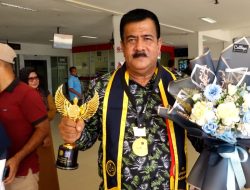 Keuchik Lampulo Raih Anugerah Paralegal Justice Award 2024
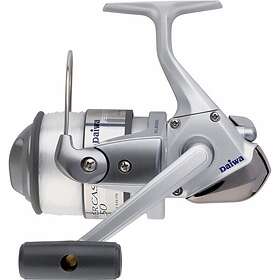 Daiwa Power Cast Big Game Reel Silver 50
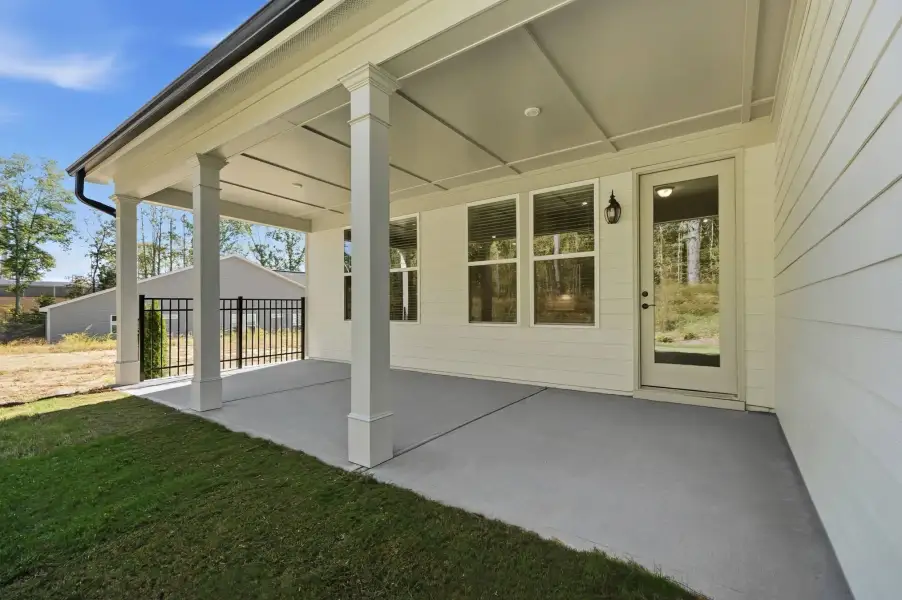 Covered Lanai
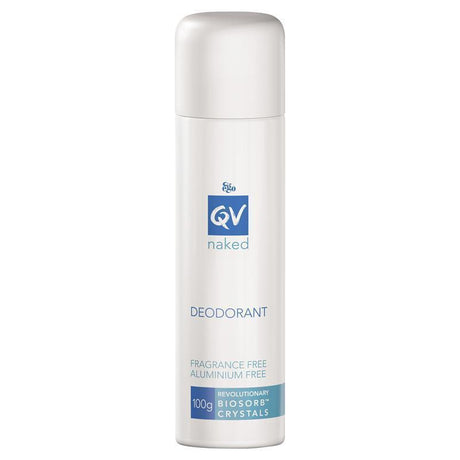 Ego QV Naked Deodorant Aerosol 100g
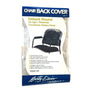 Betty Dain Salon Chair Back Cover Vinyl Chair Back Cover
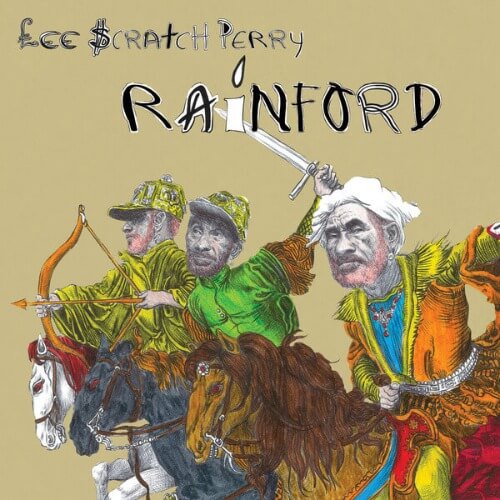Lee Scratch Perry – Rainford | Vinyl LP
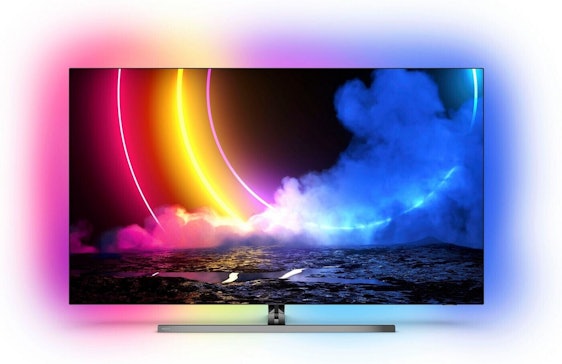 Philips OLED856 für 1529€ - 4K Fernseher mit 65 Zoll-OLED-Display und 4 HDMI Eingängen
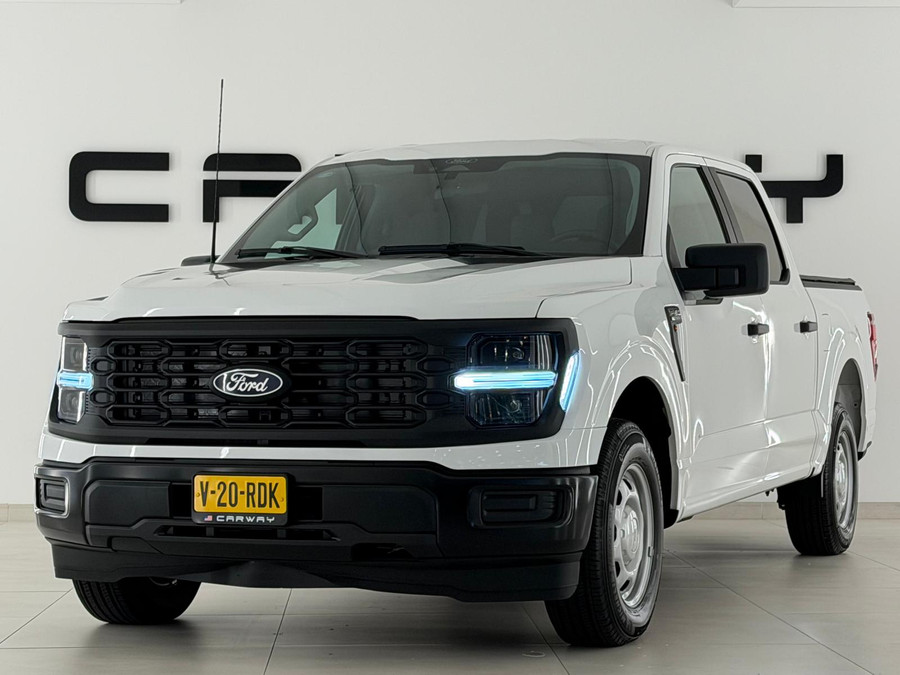 Ford F-150 XLT NWE MODEL 6 Zits LAGE BIJTELLING!! BPM VRIJ!! MY2025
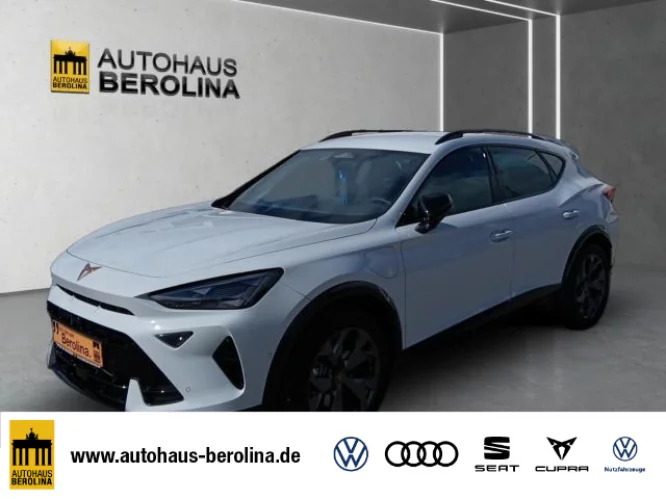 Details zum Fahrzeug: CUPRA Formentor 1.5 e-Hybrid DSG *SENNHEISER*R-CAM*GJR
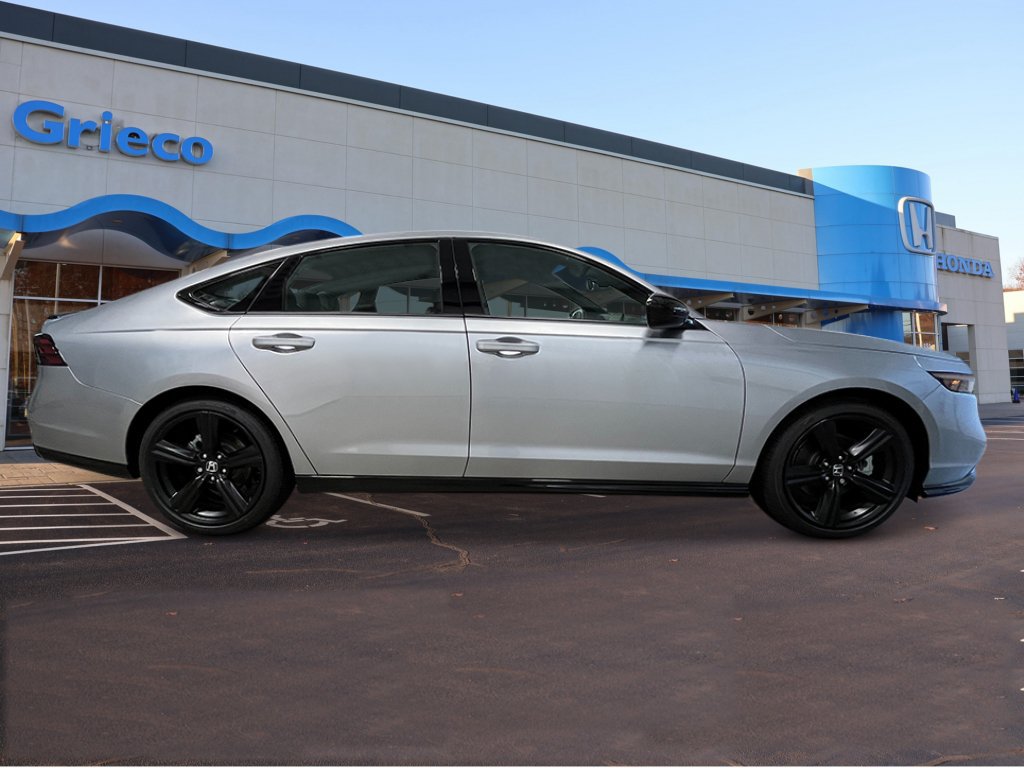 New 2026 Honda Accord Sport image 8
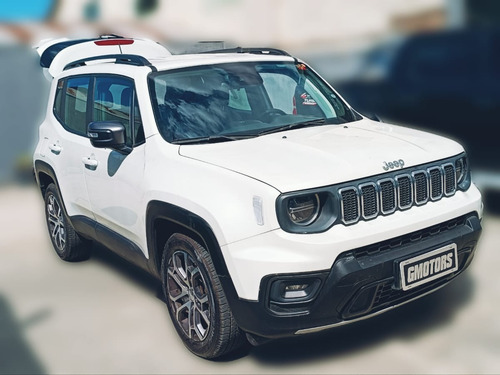 Jeep Renegade 1.3 Longitude Turbo Flex Aut. (t270) 5p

= What the task asks =
Produce an exact reproduction of the listing above, limited to the lines starting at the line with "Betty Dain Salon" and ending at the line with "New 2026 Honda Accord Sport image 8", both kept, with every picture left out.

= Answer for this exercise =
 Betty Dain Salon Chair Back Cover Vinyl Chair Back Cover
Lee Scratch Perry – Rainford | Vinyl LP
 Philips OLED856 für 1529€ - 4K Fernseher mit 65 Zoll-OLED-Display und 4 HDMI Eingängen
 Ford F-150 XLT NWE MODEL 6 Zits LAGE BIJTELLING!! BPM VRIJ!! MY2025
 Details zum Fahrzeug: CUPRA Formentor 1.5 e-Hybrid DSG *SENNHEISER*R-CAM*GJR
 New 2026 Honda Accord Sport image 8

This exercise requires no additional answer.